Graduate Alumni > David Harper (MFA 2011)

I am drawn to the form and idea of memorials, those markers that formalize links between memory and present experience. My main fascination is for the ways in which people bring facets of these ritual systems and objects into domestic spaces in order to amplify their personal identification with them, or perhaps with the cultures that support them. 

There is intense empathy in the will to memorialize, to lay down a particular meaning on an object that is not inherent to it—life as remembered in the ripe fig of an ancient Xenia painting, or death anticipated in a skull. In my work I am taking account of these empathic tendencies, both in the sense of identification with and understanding of an ‘other’, and in the sense of joining one’s own feelings to an object. 

To frame these elements of my work, I refer to certain periods, modes of craft, and domestic embellishment that articulate peculiar links to an ‘ordered’ natural world – the presentation of taxidermy in the home or museum setting, for example. The pleasure of asserting control over what is uncontrollably “wild,” satisfying an urge to have the animal form present in our controlled spaces, reminds us of what we no longer have and no longer are. These eccentric fusions of nature and culture are the uneasy disguises of pathos and pride that allow us to recognize and even celebrate an animal’s mortality while deferring our own. 

The figurative connection between nature and mortality is evident in both historical and contemporary environments; the memento mori surrounds us in myriad forms at all times. In my lifetime, however, its presence has been more or less sanitized, the natural world euphemized, along with its suggestion of the inevitable. Rather than experiencing our link to mortality, we celebrate our disconnect with the things of which we have no control over. 

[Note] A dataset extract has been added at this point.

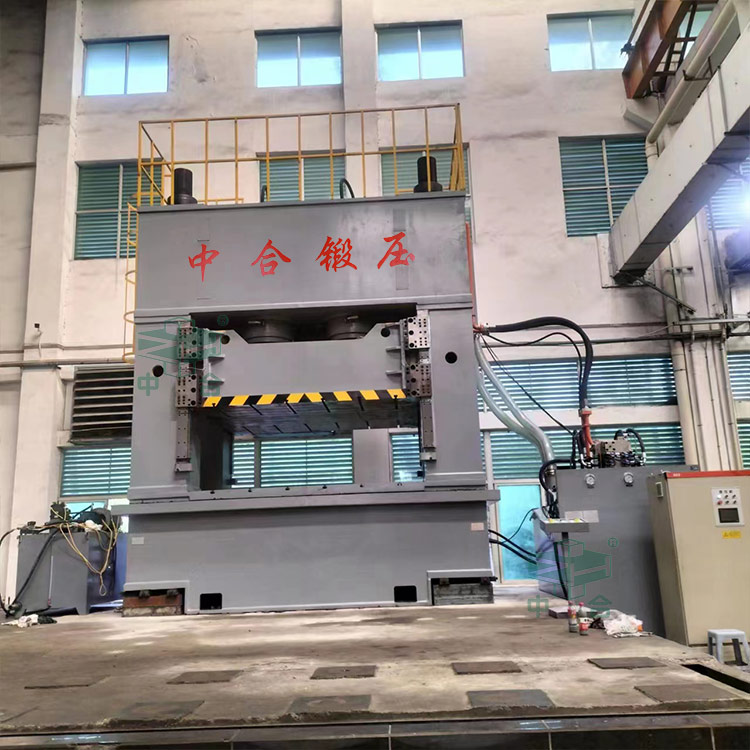 2000噸框架式液壓機客戶現(xiàn)場.jpg 2000噸框架式液壓機客戶現(xiàn)場.jpg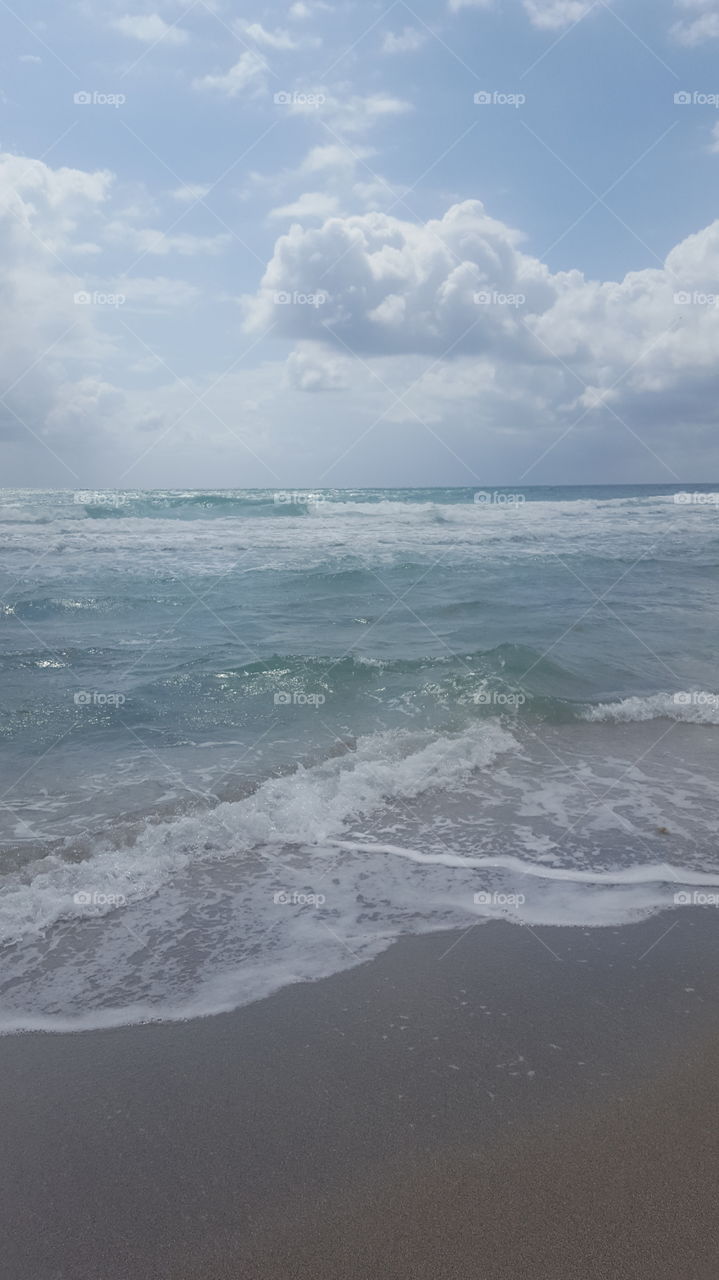Love the waves.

By creating elaborate objects and situations that combine common and unusual materials and historical techniques, I hope to amplify an ephemeral natural world with enduring monumentalization. I am attempting to engage the viewer in a dialogue on the metaphoric weight that the objects present both historically and emotionally. I have always tried to create work that addresses collective truths while retaining intimacy and reflection; so that the viewer can connect with the objects, and delve into my relationship with them.

As I negotiate my relationship with things like cloth, ceramics, animal hides within the precision of sculptural practices, I am aware that they carry their mix of material histories and social conditions with them. I point to these from my own present position, exalting and commemorating their origins even as I reshape and reposition the same materials to carry specific emotion or meaning. My main work is to narrativize the two, and to not have one story obscure the other.